Health Serv Res. 2008 Jun;43(3):869-81. doi: 10.1111/j.1475-6773.2007.00806.x.
To examine racial differences in the risk of hospitalization for nursing home (NH) residents.
National NH Minimum Data Set, Medicare claims, and Online Survey Certification and Reporting data from 2000 were merged with independently collected Medicaid policy data.

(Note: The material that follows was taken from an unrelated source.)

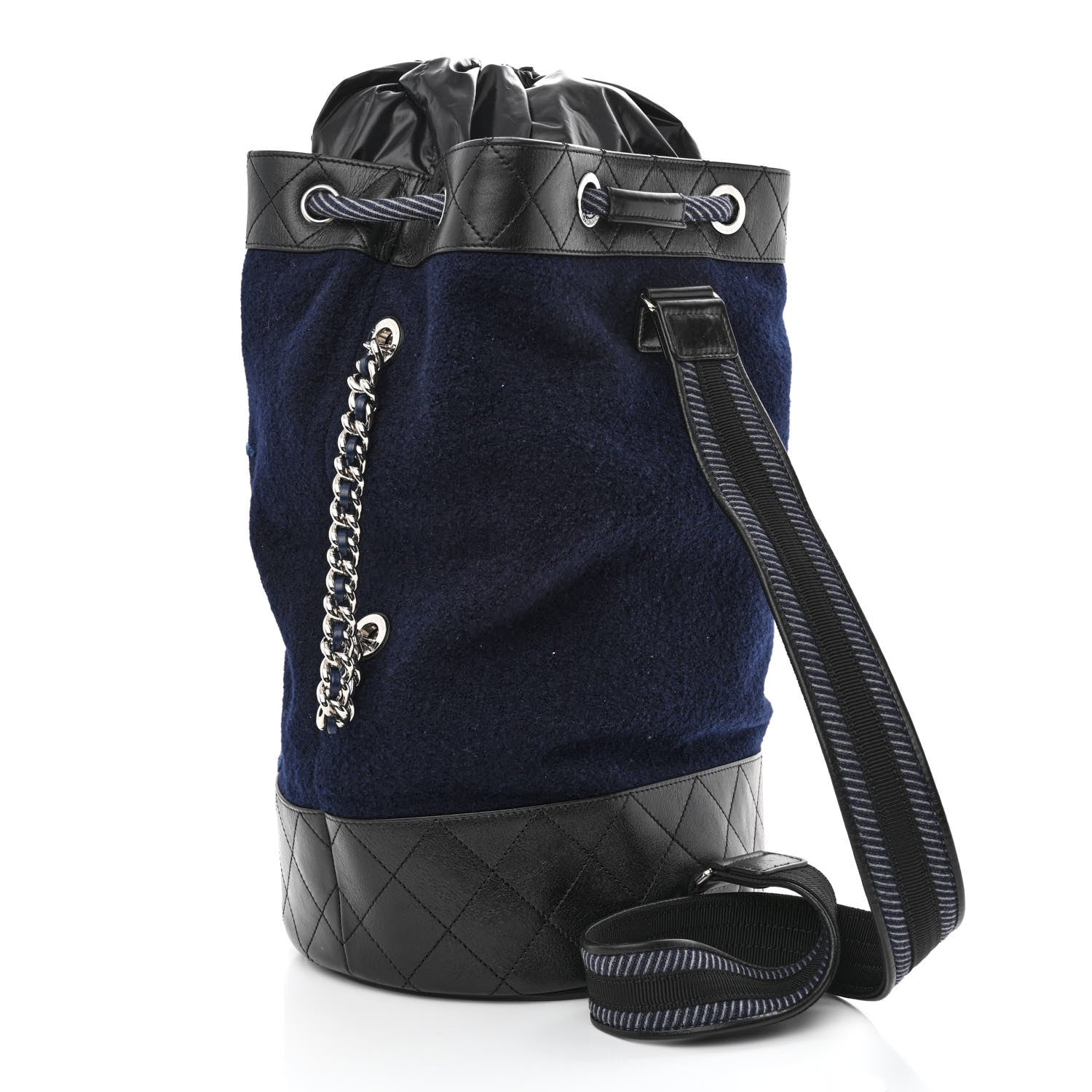 Chanel Wool Calfskin Embroidered Paris Hamburg Drawstring Backpack Navy Blue 3 of 10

One hundred and fifty day follow-up of 516,082 long-stay residents.
18.5 percent of white and 24.1 percent of black residents were hospitalized. Residents in NHs with high concentrations of blacks had 20 percent higher odds (95 percent confidence interval [CI]=1.15-1.25) of hospitalization than residents in NHs with no blacks. Ten-dollar increments in Medicaid rates reduced the odds of hospitalization by 4 percent (95 percent CI=0.93-1.00) for white residents and 22 percent (95 percent CI=0.69-0.87) for black residents.
Our findings illustrate the effect of contextual forces on racial disparities in NH care.
研究疗养院(NH)居民住院风险的种族差异。
2000年的国家NH最低数据集、医疗保险理赔数据以及在线调查认证与报告数据与独立收集的医疗补助政策数据进行了合并。
对516,082名长期居住居民进行了150天的随访。
18.5%的白人居民和24.1%的黑人居民住院。黑人居民集中程度高的NH中的居民住院几率比没有黑人居民的NH中的居民高20%(95%置信区间[CI]=1.15 - 1.25)。医疗补助费率每增加10美元,白人居民的住院几率降低4%(95% CI = 0.93 - 1.00),黑人居民的住院几率降低22%(95% CI = 0.69 - 0.87)。
我们的研究结果说明了环境因素对NH护理中种族差异的影响。